THE PROBLEM:
Among the lines of the records below, copy those that hold the word "Open".

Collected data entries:

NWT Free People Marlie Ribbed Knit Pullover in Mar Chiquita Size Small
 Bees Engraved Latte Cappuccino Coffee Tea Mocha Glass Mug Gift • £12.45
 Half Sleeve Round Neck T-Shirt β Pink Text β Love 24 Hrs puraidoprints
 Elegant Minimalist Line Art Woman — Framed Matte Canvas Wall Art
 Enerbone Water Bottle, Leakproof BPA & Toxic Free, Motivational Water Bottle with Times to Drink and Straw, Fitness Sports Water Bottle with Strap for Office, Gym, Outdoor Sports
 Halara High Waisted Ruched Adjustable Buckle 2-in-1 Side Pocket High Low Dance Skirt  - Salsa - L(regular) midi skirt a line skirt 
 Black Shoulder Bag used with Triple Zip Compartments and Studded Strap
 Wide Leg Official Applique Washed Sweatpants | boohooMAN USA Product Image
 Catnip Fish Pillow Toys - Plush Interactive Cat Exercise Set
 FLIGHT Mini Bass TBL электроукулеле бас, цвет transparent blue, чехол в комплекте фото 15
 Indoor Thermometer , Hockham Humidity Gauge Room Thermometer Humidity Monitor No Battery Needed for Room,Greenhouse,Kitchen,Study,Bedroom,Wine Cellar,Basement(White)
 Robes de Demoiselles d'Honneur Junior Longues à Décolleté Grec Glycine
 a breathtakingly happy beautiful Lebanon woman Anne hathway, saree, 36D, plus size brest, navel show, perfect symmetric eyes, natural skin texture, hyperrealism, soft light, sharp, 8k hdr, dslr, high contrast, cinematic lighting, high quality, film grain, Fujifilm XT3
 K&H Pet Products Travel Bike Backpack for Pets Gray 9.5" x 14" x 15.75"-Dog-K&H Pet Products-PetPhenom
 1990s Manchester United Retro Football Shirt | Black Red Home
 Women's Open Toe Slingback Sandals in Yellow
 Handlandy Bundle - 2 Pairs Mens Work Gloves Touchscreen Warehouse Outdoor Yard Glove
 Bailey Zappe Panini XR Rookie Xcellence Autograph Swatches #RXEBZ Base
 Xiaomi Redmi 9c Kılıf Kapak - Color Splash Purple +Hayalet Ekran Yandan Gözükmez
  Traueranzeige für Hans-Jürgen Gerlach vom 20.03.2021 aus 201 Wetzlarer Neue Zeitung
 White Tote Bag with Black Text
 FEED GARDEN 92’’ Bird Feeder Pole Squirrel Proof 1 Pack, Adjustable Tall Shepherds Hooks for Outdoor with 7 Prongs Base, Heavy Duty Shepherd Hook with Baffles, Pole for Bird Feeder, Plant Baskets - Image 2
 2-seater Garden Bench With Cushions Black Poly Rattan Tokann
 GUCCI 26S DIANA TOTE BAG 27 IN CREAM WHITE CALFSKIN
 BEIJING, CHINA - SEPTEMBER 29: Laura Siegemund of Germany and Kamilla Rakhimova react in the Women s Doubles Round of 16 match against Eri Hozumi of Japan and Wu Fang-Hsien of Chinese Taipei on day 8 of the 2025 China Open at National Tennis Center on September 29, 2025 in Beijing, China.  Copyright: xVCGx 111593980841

TASK SOLUTION:
 Women's Open Toe Slingback Sandals in Yellow
 BEIJING, CHINA - SEPTEMBER 29: Laura Siegemund of Germany and Kamilla Rakhimova react in the Women s Doubles Round of 16 match against Eri Hozumi of Japan and Wu Fang-Hsien of Chinese Taipei on day 8 of the 2025 China Open at National Tennis Center on September 29, 2025 in Beijing, China.  Copyright: xVCGx 111593980841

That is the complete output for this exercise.